ES should be performed in a stepwise manner with the distal portion of the cutting wire in the duct and with minimal wire tension (see Chapter 17 ). Excessive wire tension during ES can otherwise result in a zipper cut with coagulated tissue being forced open, resulting in perforation and bleeding. We prefer to use a blended current in a pulsed mode, such as ENDO CUT (Erbe Elektromedizin GmbH, Tuebingen, Germany). A meta-analysis of 4 randomized studies with over 800 patients showed that ES with pure-cut mode resulted in more intraprocedural bleeding, with no difference in PEP, compared with mixed current.

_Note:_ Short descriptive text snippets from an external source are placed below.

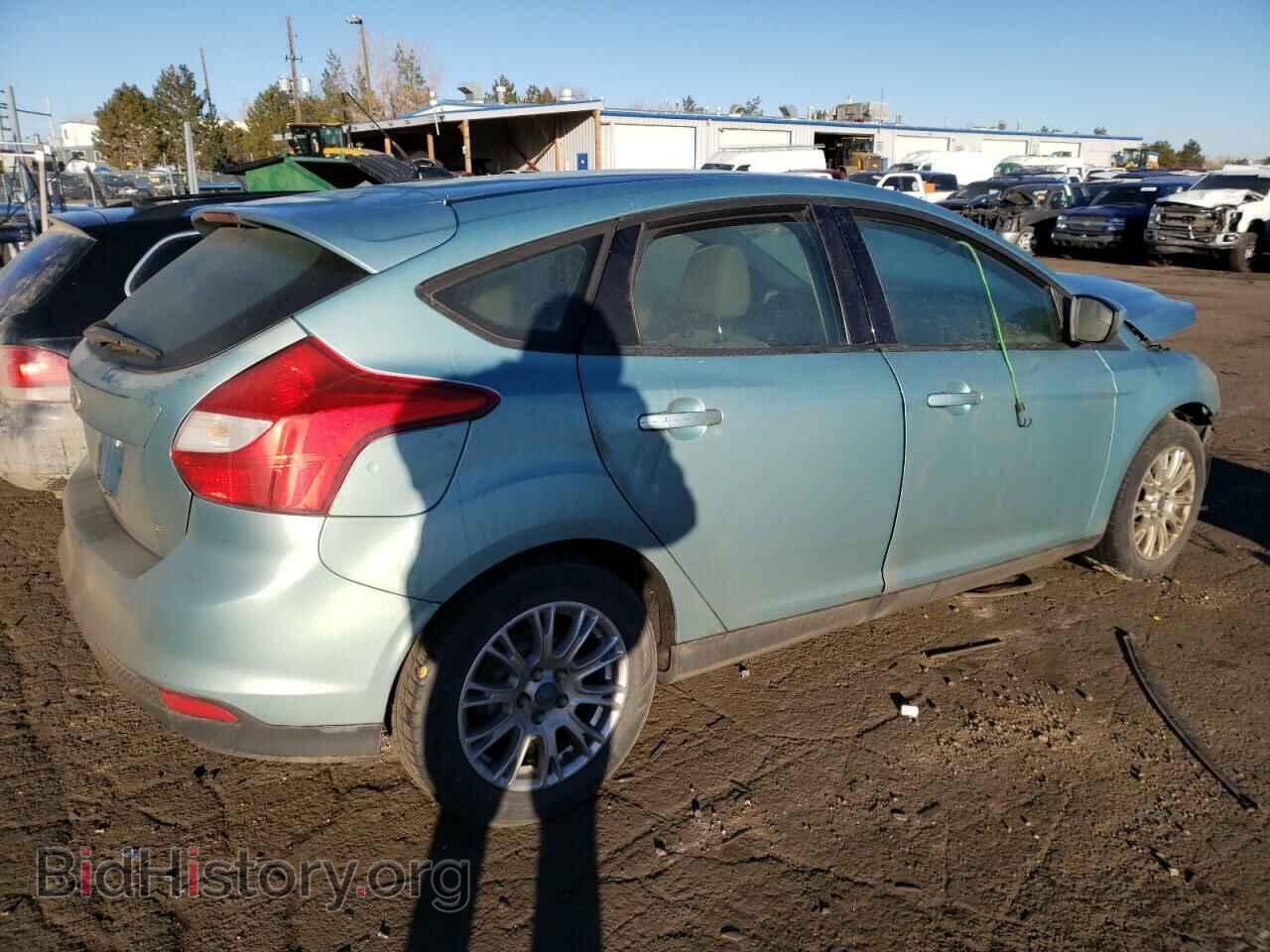 2012 FORD FOCUS - VIN: 1FAHP3K25CL147793 - Фото 3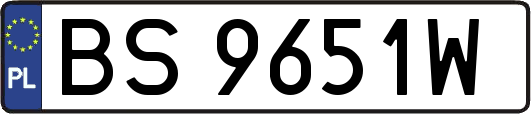 BS9651W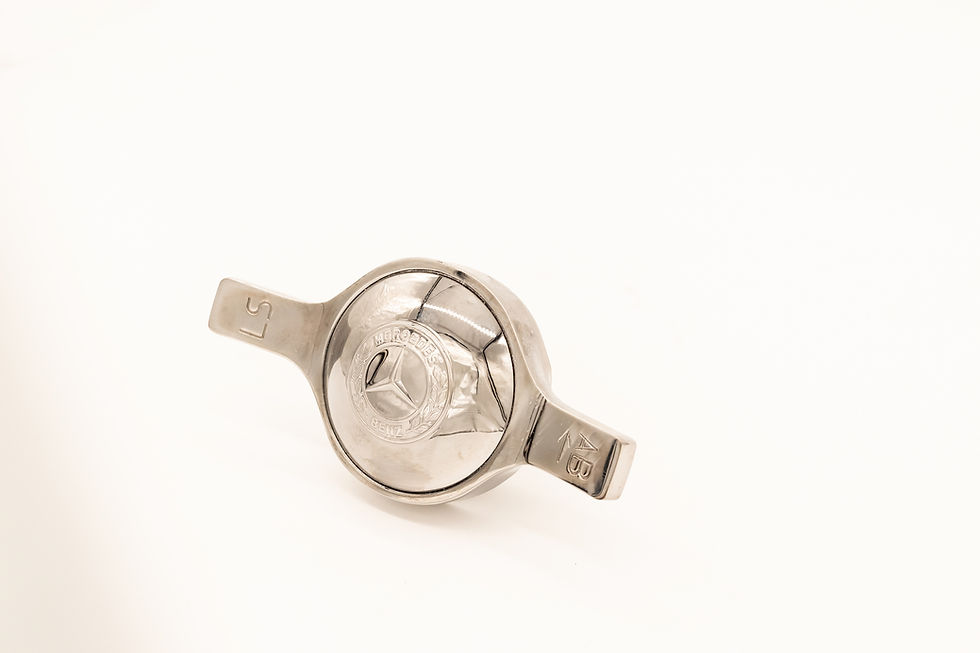 Thumbnail: Rudge rim adapter system full chrome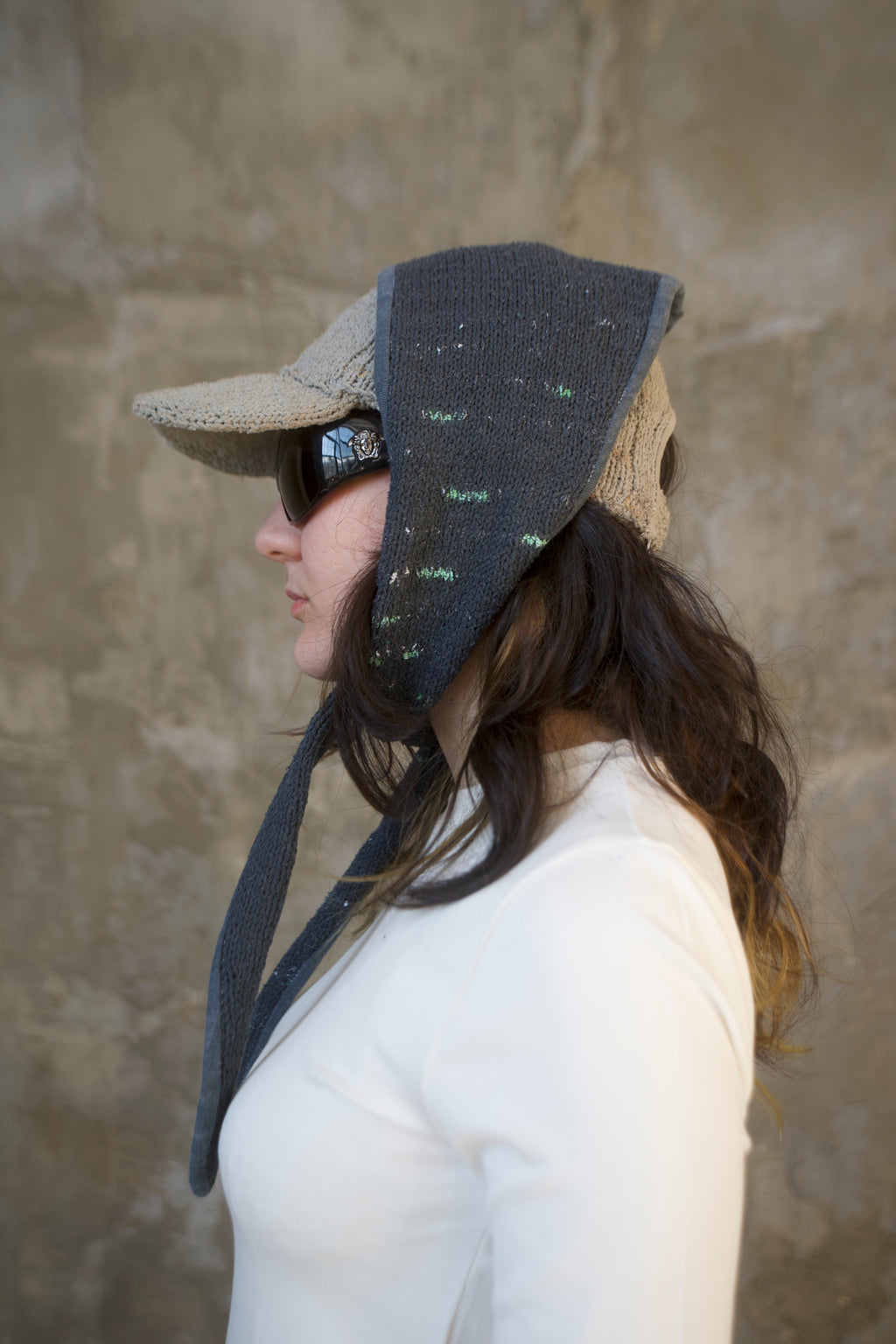 No. 2 Triangle Scarf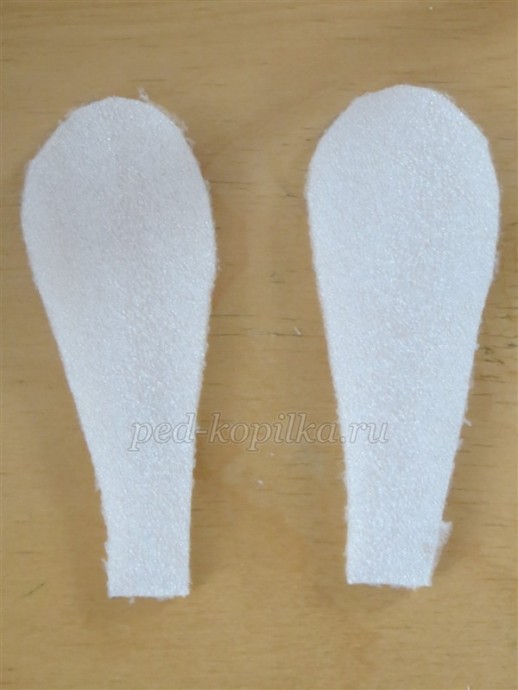 Мягкая игрушка "Кролик Вук": часть 2 Мягкая игрушка "Кролик Вук": часть 2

The diameter that a sphincterotomy can be created depends on the shape of the papilla and diameter and configuration of the distal bile duct. In the presence of a prominent papilla and a dilated bile duct with a flat and square distal end, a full ES to the top of the overlying transverse fold is possible. In a patient with a small papilla and a narrow, tapering distal bile duct, only a limited ES is possible. As muscle fibers to the biliary sphincter are severed, one should see free bile flow. Another sign of an adequate sphincterotomy is free passage of a fully bowed sphincterotome with a 25-mm cutting wire through the sphincterotomy orifice.